■ Data shown

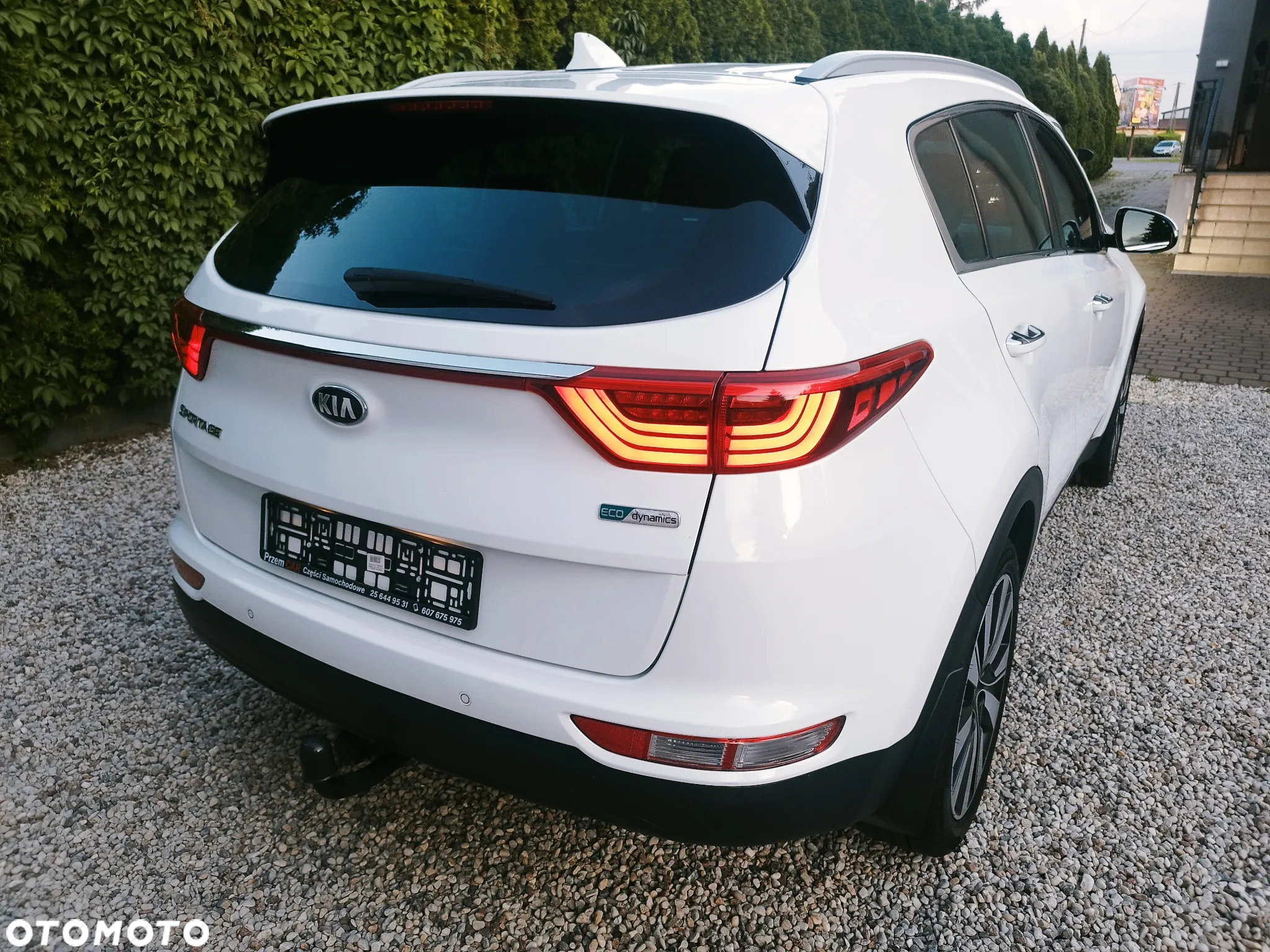 Kia Sportage 1.7 CRDI 2WD Dream-Team Edition - 3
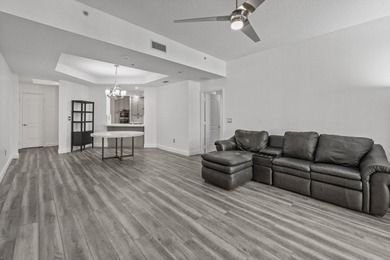 Perfectly located in the heart of West Palm Beach, this stylish - photo 2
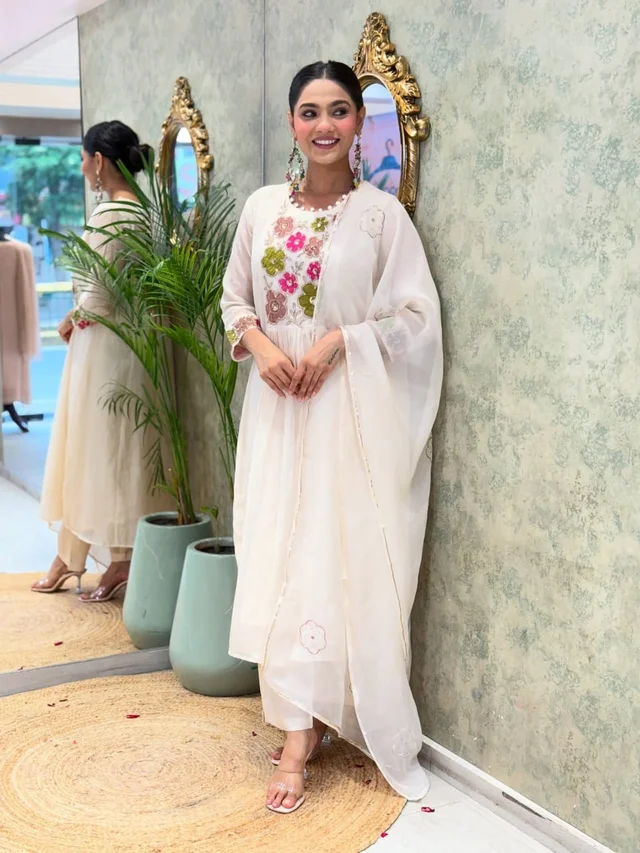 White Pure Cotton Embroidered Kurta, Pant & Dupatta Set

■ What to work on
Would you transcribe the listing above line by line, exactly, leaving every picture out?

■ Answer for the task
 Kia Sportage 1.7 CRDI 2WD Dream-Team Edition - 3
 Perfectly located in the heart of West Palm Beach, this stylish - photo 2
 White Pure Cotton Embroidered Kurta, Pant & Dupatta Set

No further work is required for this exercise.